(Web page caption snippets)
========================

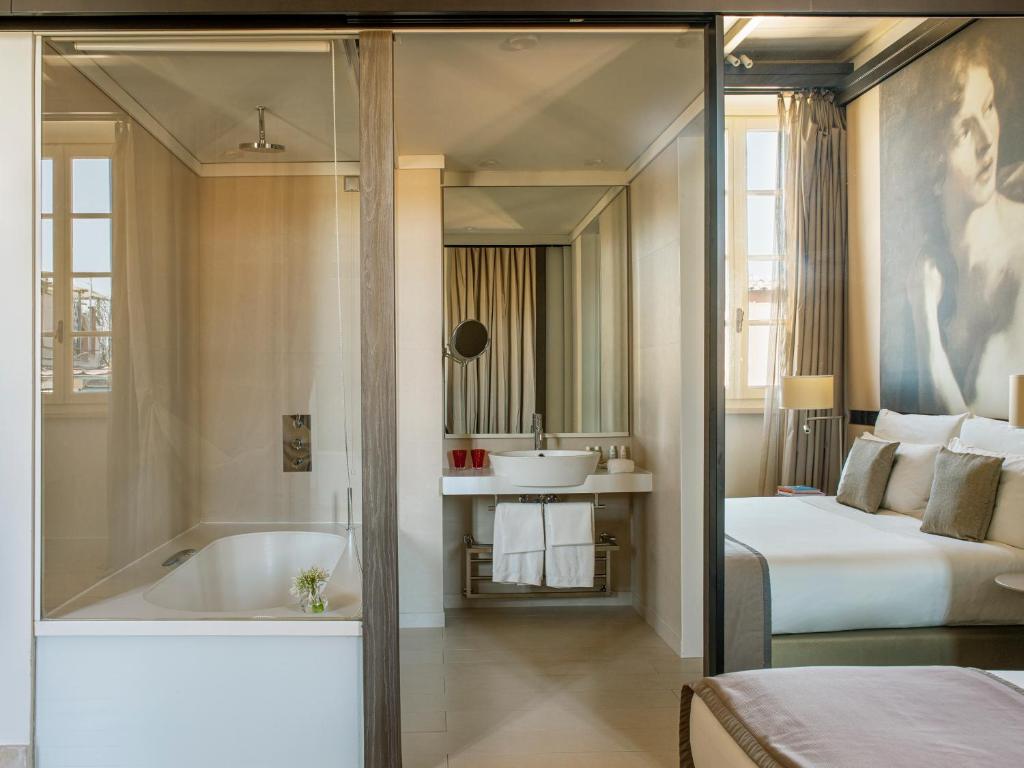 Трехместный (Трехместный номер «Премиум») отеля Gran Melia Rome – The Leading Hotels of the World, Рим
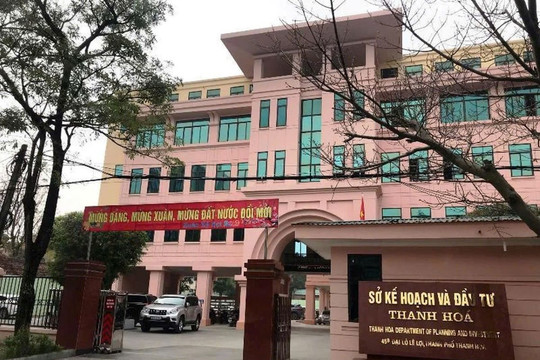 Người đã chết và không liên quan vẫn đứng tên đại diện doanh nghiệp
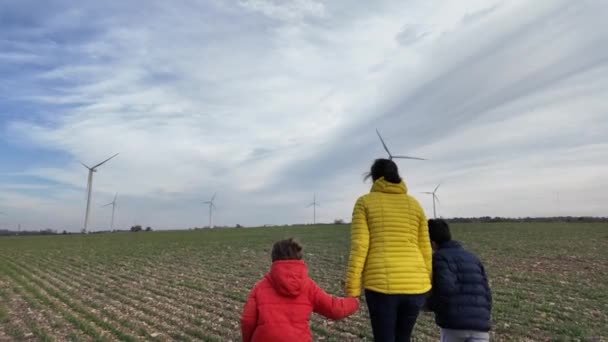 Matka Syny Procházky Venkově Větrnými Turbínami Koncept Ekologie — Stock video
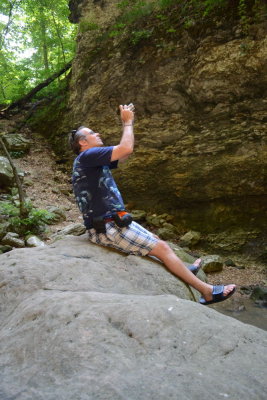 Me Hard at Play, Photographing the Falls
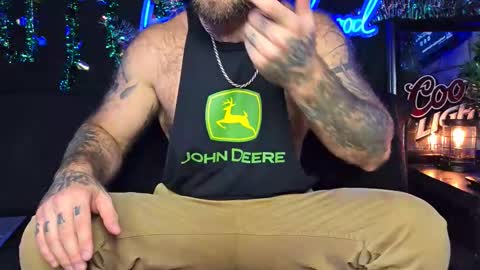 LANCE online show from November 18, 2025, 1:11 am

========================

Task statement
Find the line with "Me Hard at Play, Photographing the Falls". Reproduce it and every line after it through the last line above exactly, leaving out the pictures.

Output for this task
 Me Hard at Play, Photographing the Falls
 LANCE online show from November 18, 2025, 1:11 am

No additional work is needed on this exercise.